We’ve spent the last couple of days lounging about at Number 19 so decided it was time to shake off the post-Christmas torpor and head out for a proper walk with Sybil. The recent bad weather has restricted us to on-lead only walks which are a bit dull and don’t really burn off Sybil’s seemingly endless supply of energy. As a result, Sybil transforms into a giddy goat and charges around the house chasing her beloved Kong chewy thing or one of her many tug-of-war rope toys that are well & truly tugged and show great signs of war.
So with dry-ish weather conditions we headed out to Hardcastle Crags all wrapped up in our warm coats & waterproofs.
Hardcastle Crags is near Hebden Bridge and has more than 160 hectares (400 acres) of unspoilt woodland. As well as being the home of the northern hairy wood ant (no, really) there are tumbling streams, glorious waterfalls and stacks of millstone grit, all crisscrossed by more than 15 miles (24km) of footpaths. We didn’t see any northern hairy ants (do they have flat caps & whippets?) but in all fairness we didn’t look for any either.
Rather than approach the Crags from the Widdop end at Blake Dean, we decided to park in the National Trust car park at Nutclough and explore from there. We choose to take the Mill Walk route along the water towards Gibson Mill – somewhere none of us had been before. The whole valley is really secluded – you can’t see or hear the road, houses or even electricity pylons. Surprisingly, it was very green with new growth spurting at every corner and Day-Glo lichens growing on most trees. Huge lumps of rock are scattered across the landscape – we wondered if they might come alive at night like the trolls in the Discworld books? It doesn’t seem too much of a stretch of the imagination!
Sybil had a ball exploring the valley floor and jumping over the natural springs tumbling down the hillside to the river. Although she doesn’t seem to mind mud, she really dislikes getting her paws wet in water – we’re hoping she’ll change her mind when she discovers beaches and the seaside on our travels. The water was raging in places and the waterfalls sounded thunderous. Fallen trees lie unobtrusively on the ground looking like sleeping dragons awaiting their wake-up call. It really is the most magical place.

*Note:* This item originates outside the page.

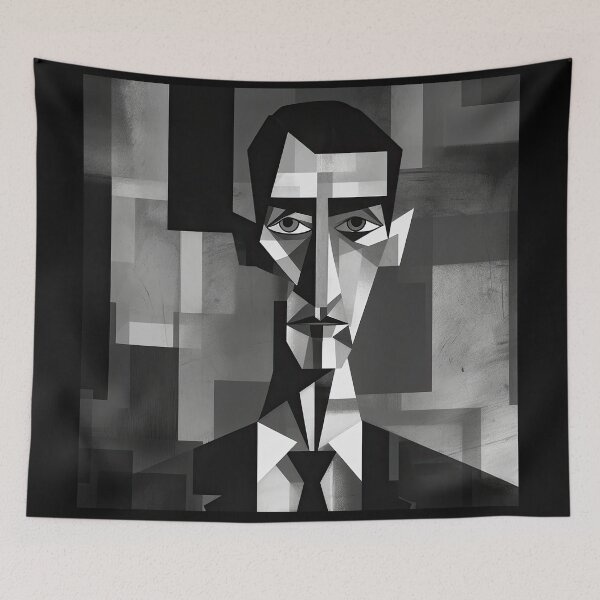 Item preview, Haunting Zombie Portrait Bauhaus Art designed and sold by ArtificialGenes.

Our walk took us to Gibson Mill, a family-oriented visitor centre, telling the history of the valley over the past 200 years, with interactive displays, dressing up, dancing and exhibitions. Having no link to the national grid, the mill is unique in the UK and is the Trust’s flagship sustainable building. http://www.nationaltrust.org.uk/hardcastle-crags
Putting Sybil back on the lead, we stopped off for a lovely cup of coffee and a sustaining sausage roll. Suitably refreshed and availing ourselves of the charming facilities we took the easy track route back to the car. In all, we walked for around 2 ½ hours and Sybil is now curled up in her basket – I think we’ve worn her out at last!